| Aim of the exercise |
Exercise in exact copying: restate word for word only the lines below from the one containing "It just goes" through the one containing "The installation itself", omitting any pictures.

| Data for the task |

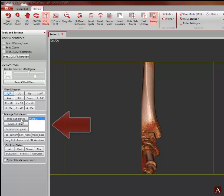Now, let's look at the manage cut planes control area again. Notice that this cut plane is designated in the window.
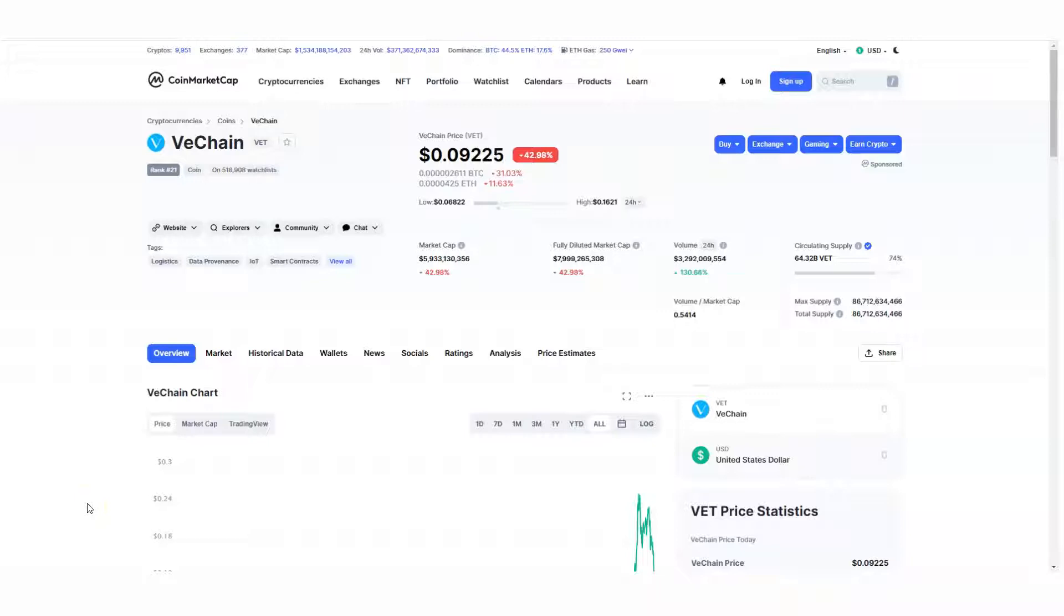VeChain is one of my favorite assets on the market, and we're experiencing a really aggressive pullback, creating potential opportunity for some of these assets.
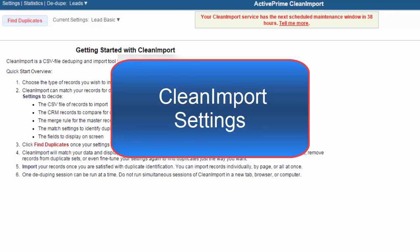Welcome to the instructional video on how to use the Settings section of Clean Import. Understanding your settings options will ensure your use of Clean Import meets your expectations.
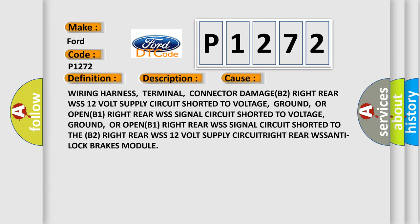Wiring harness, terminal, connector damage. B2 Right Rear WSS 12V Supply circuit short to voltage ground. Or open B1 Right Rear WSS Signal circuit short to voltage ground. Or open B1 Right Rear WSS 12V Supply circuit. Right Rear WSS Anti-Lock Brakes Module.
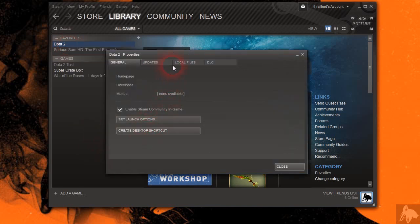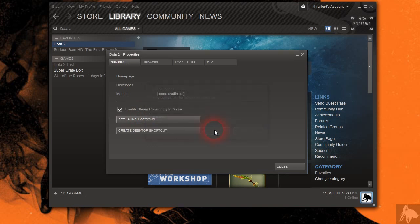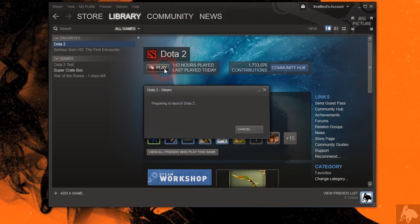Then you go to set launch options. Then you type in dash console, and then you say OK. Then you say close, and then you launch Dota 2.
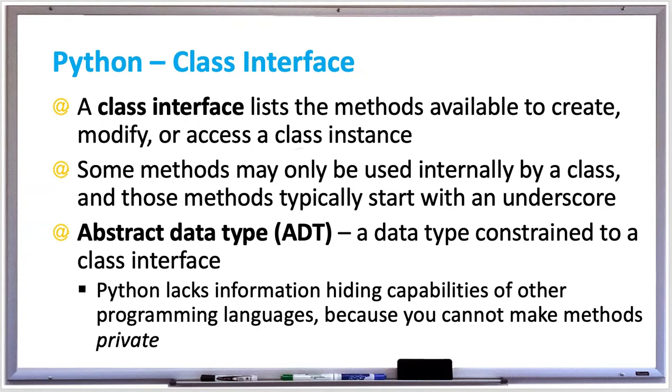An abstract data type, or ADT, is a data type constrained to a class interface. Note that Python lacks information hiding capabilities that other programming languages provide, like Java, because you cannot make methods private.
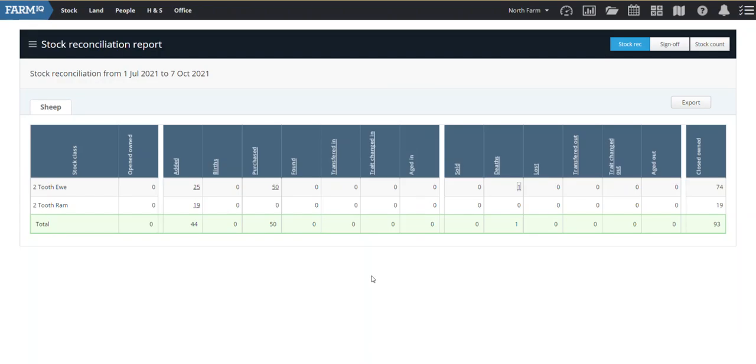It just goes to show how FarmIQ talks to all the different parts of the system. When you record something, it's not just going into one place. It's pulling out all sorts of different reports that you might not know about.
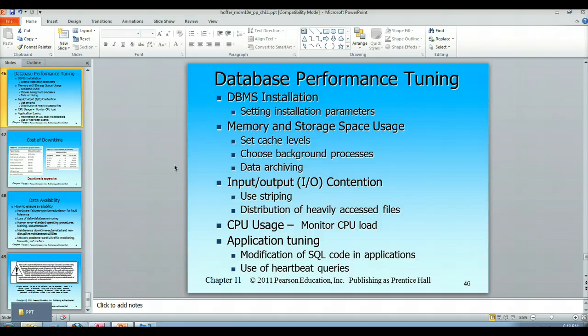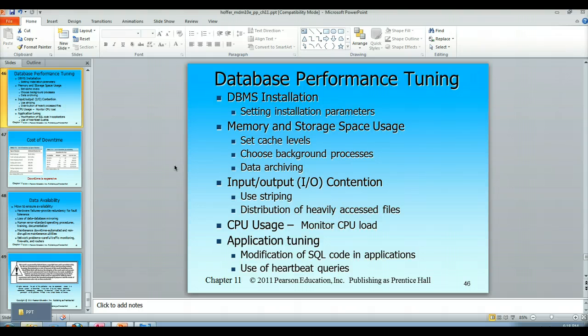The installation itself — the installation parameters. Installing something like Oracle has an enormous number of installation parameters you can set based on what you want that database to do: how it uses memory, how it uses disk storage space, cache levels, how many background processes can run at any given point in time, and how data is archived to improve performance.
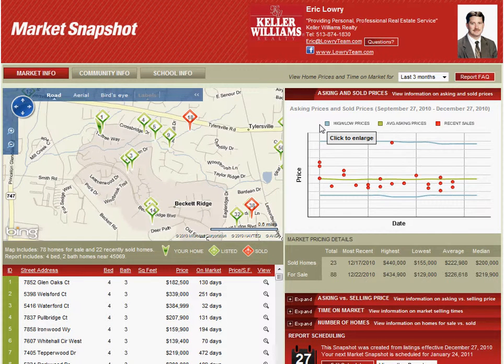Hi everyone. Today we're going to take a look at a real estate market overview for West Chester, Ohio. This market snapshot report that we're looking at on the screen is available to anyone, and at the end of this video I'll show you how to get it completely free. What this market snapshot is showing us is an overview of real estate activity in West Chester with both sold homes and homes currently for sale.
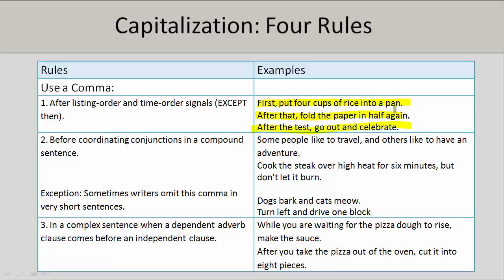You should also use a comma before coordinating conjunctions in a compound sentence. The exception is that sometimes writers omit this comma in very short sentences. For example: Some people like to travel, and others like to have an adventure. Cook the steak over high heat for six minutes, but don't let it burn. In very short sentences you can omit the comma — for example: dogs bark and cats meow. Turn left and drive one block.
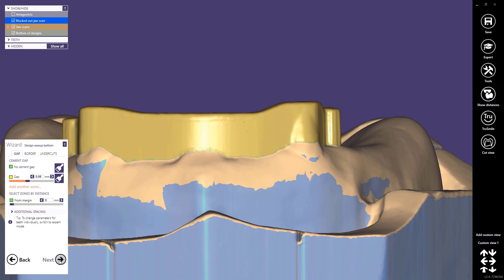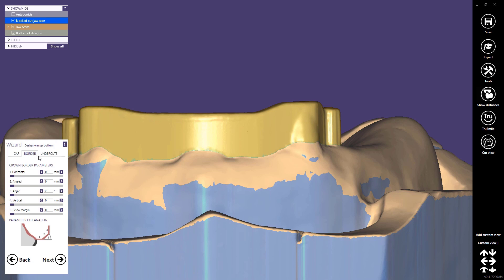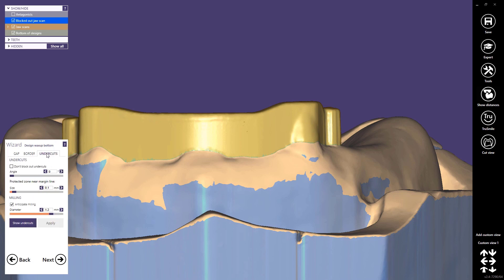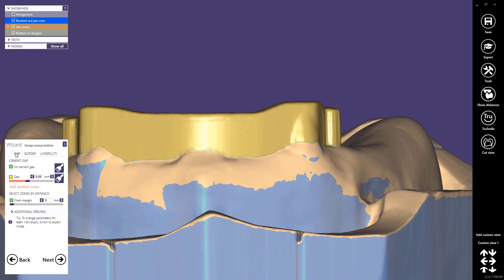In the next step we can define the gap between the offset substructure and the bar. This is a quite crucial parameter, so please discuss it with your milling partner. We can also change the border properties and the undercut. There is no need to change this parameter now, so please press next to go to the next design step.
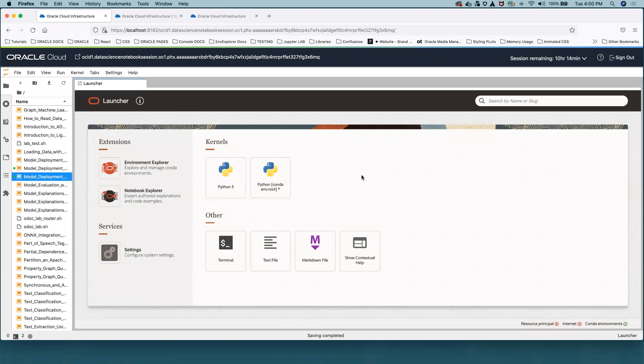Notebook Explorer will replace Notebook Examples in the Launcher tab. It will be represented by the same icon which many users associate with Notebook Examples.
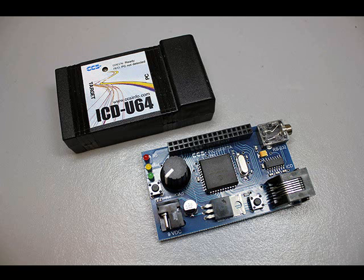In this video, we are going to show you how to use CCS-Load software with the ICD-U64 to program hex files to one or more PIC development boards.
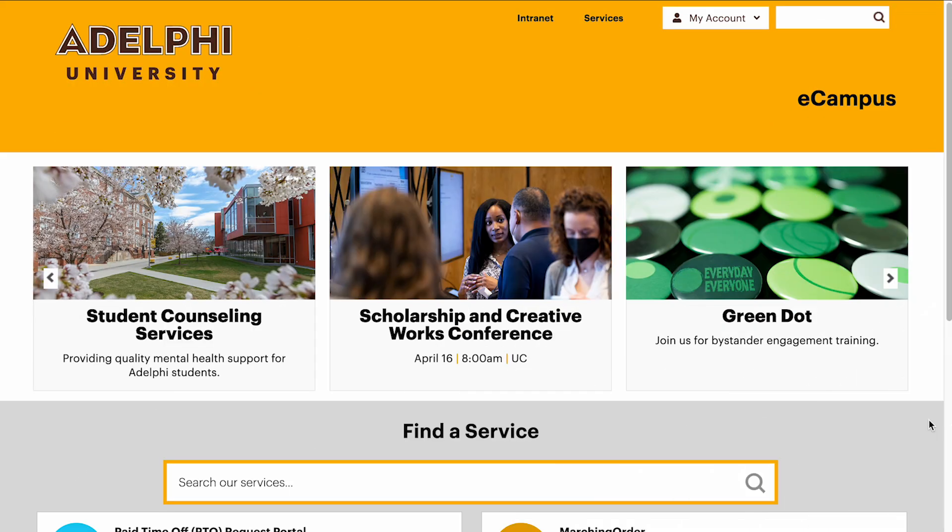Welcome to this overview of the Moodle 4.1 upgrade, where we will introduce you to the updated look and new features in Adelphi's learning management system.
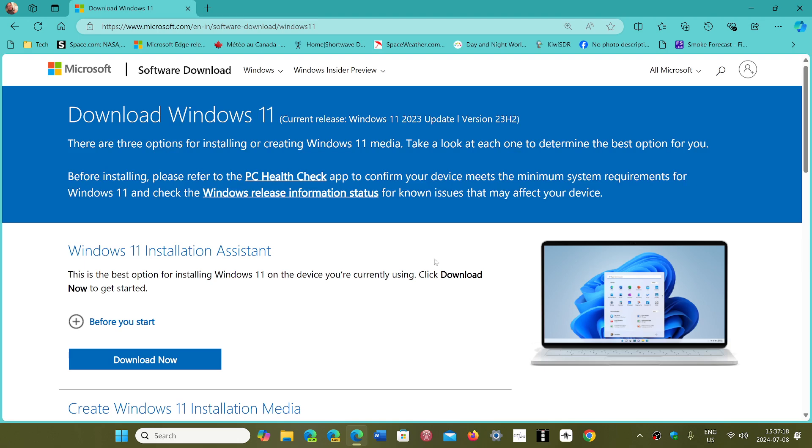And one last thing, if you are on 22H2 unsupported, you will have to manually move on to 23H2, because it won't do it automatically, as it knows that it's not supported.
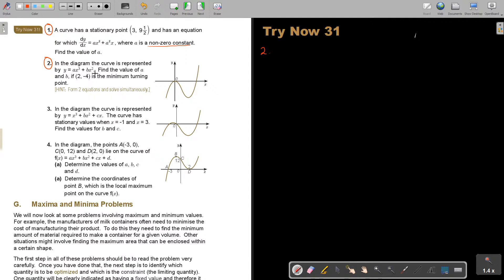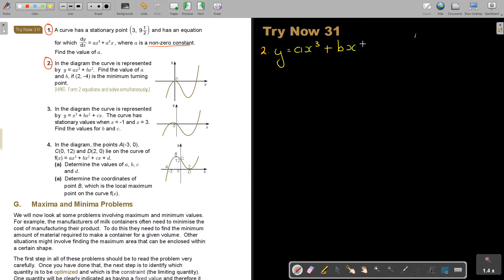In the diagram the curve is represented by y equals ax³ plus bx². Find the values of a and b if (2, negative 4) is the minimum turning point. This is very important — (2, negative 4) is the minimum turning point.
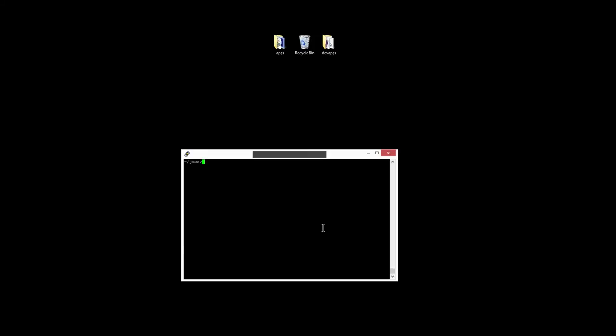Okay, I used FileZilla to transfer all the jar files onto my remote server. So that's the pubmed.jar file and I've got a lib folder and the lib folder contains the four jar files I'll need to run this as a cron task.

| Exercise result |
It just goes to show how FarmIQ talks to all the different parts of the system. When you record something, it's not just going into one place. It's pulling out all sorts of different reports that you might not know about.
The installation itself — the installation parameters. Installing something like Oracle has an enormous number of installation parameters you can set based on what you want that database to do: how it uses memory, how it uses disk storage space, cache levels, how many background processes can run at any given point in time, and how data is archived to improve performance.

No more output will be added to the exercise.